Hobby Lobby CEO Files Lawsuit

-Submitted by David Drumm (Nal), Guest Blogger

hobby-lobbyOklahoma City-based Hobby Lobby’s founder and CEO David Green has filed a lawsuit challenging the health care mandate to provide what Green “believe[s] are abortion-causing drugs as part of our health insurance.” Green goes on to say: “Being Christians, we don’t pay for drugs that might cause abortions, which means that we don’t cover emergency contraception, the morning-after pill or the week-after pill.”

The District Court for the Western District of Oklahoma denied Green’s motion for a preliminary injunction The Court of Appeals for the Tenth Circuit denied the applicants’ motion for an injunction and Justice Sotomayor also denied the application for an injunction pending appellate review.

Are Green’s beliefs regarding the morning-after pill (Plan B) or the week-after pill (Ella) reasonable?

Green never defined what he means by “abortion,” but let’s assume he uses the Christian definition that seeks to equate pregnancy with fertilization.
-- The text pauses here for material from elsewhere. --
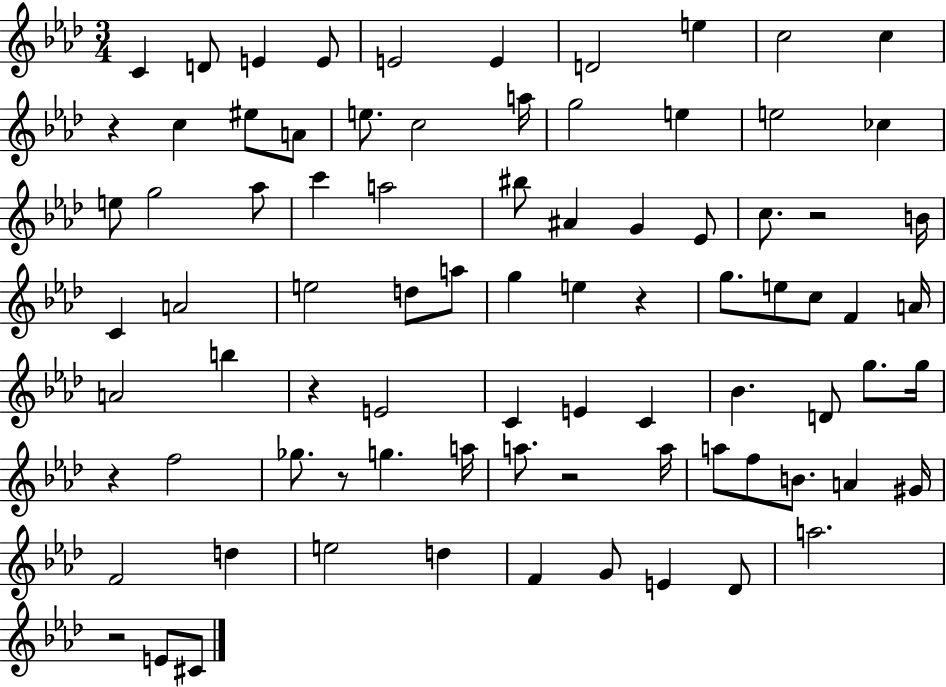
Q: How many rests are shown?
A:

The scientific and medical definition of pregnancy comes from the American College of Obstetricians and Gynecologists and states:

implantation of the blastocyst into the lining of the uterus at the conclusion of which pregnancy is established.

Plan B works by impeding the sperm from entering the uterus by thickening cervical mucus. Plan B can also stop the release of an egg from the ovaries or slow down the movement of the egg. These methods could prevent fertilization. Some have argued that Plan B creates a “hostile endometrium” that disrupts implantation. However, Dr. Sandra Reznik writes in Health Progress, a publication of The Catholic Health Association of the United States, that if Plan B:

involved a change in the endometrium, then one would expect a higher rate of success [in preventing pregnancy]. … Taken together, there are biological, clinical and epidemiological data clearly indicating that Plan B’s mechanism of action involves only pre-fertilization events.
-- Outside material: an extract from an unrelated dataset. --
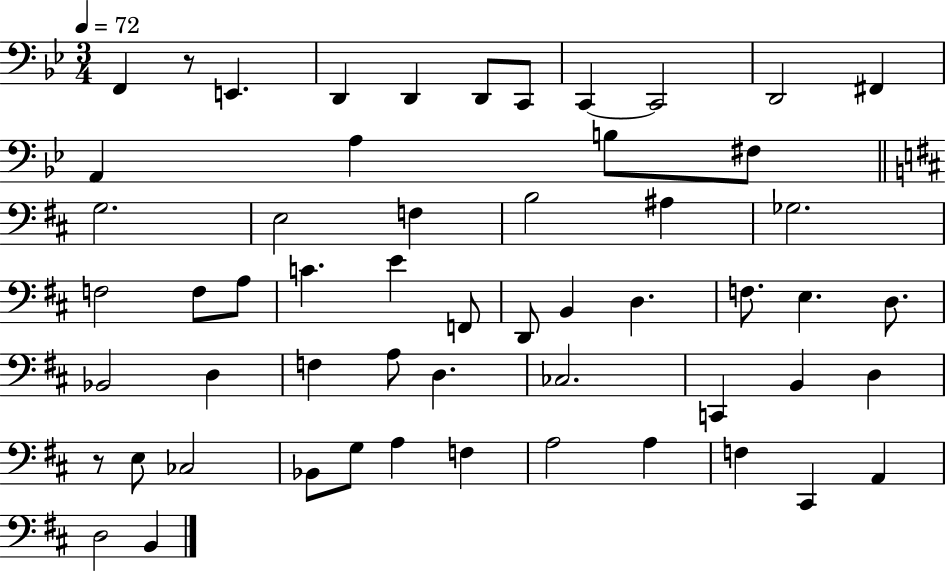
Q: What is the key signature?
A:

Ella is a newer drug with a chemical composition similar to RU-486. However, in studies, two percent of women who took Ella became pregnant. This failure rate indicates that Ella does not have RU-486’s effect on the endometrium.

Regarding normal birth control pills, that is, non-emergency contraceptives, even Prolife Ob/Gyn’s can find no evidence of the pill’s effect on implantation. The Prolife Ob/Gyn’s note that if the pill is an abortifacient, “we would expect to see a huge increase in ectopics in women on hormonal birth control. We don’t.” They go on to say that we “know of no existing scientific studies that validate the “hostile endometrium is abortifacient” theory.”
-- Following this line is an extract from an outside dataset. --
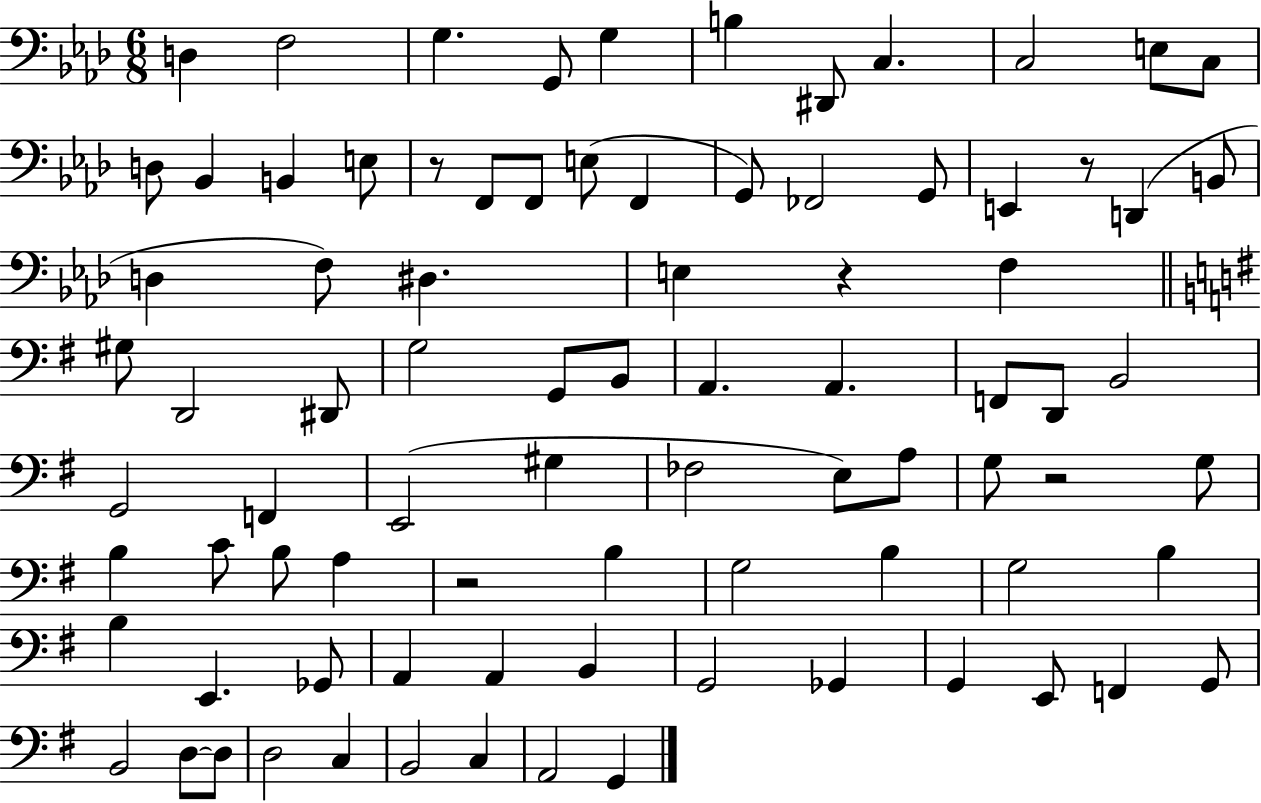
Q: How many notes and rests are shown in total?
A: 85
Even by his definition of what constitutes a pregnancy, Green’s beliefs that contraceptives are “abortion causing” are nonsense.

H/T: National Catholic Reporter, Rachel Benson Gold, Religious Tolerance.

52 thoughts on “Hobby Lobby CEO Files Lawsuit”

  1. I can add nothing more to what Justice Holmes and Nal wrote other than to support their views.

    Mr Hobby Lobby is perfectly free to file his lawsuit and has done so. I am perfectly free to boycott Hobby Lobby’s three stores here in Ohio. I am also perfectly free to recommend to my family, friends, and neighbors that they consider boycotting Hobby Lobby. There are, after all, several craft stores within easy driving distance from any Hobby Lobby location … no hardship.

  2. Let me add a thought w/o reading the whole stack. BTW Nal, great work, as usual. 🙂

    The farmer sows his field expecting to harvest. If someone else pulls up the crop, does he have a right to complain???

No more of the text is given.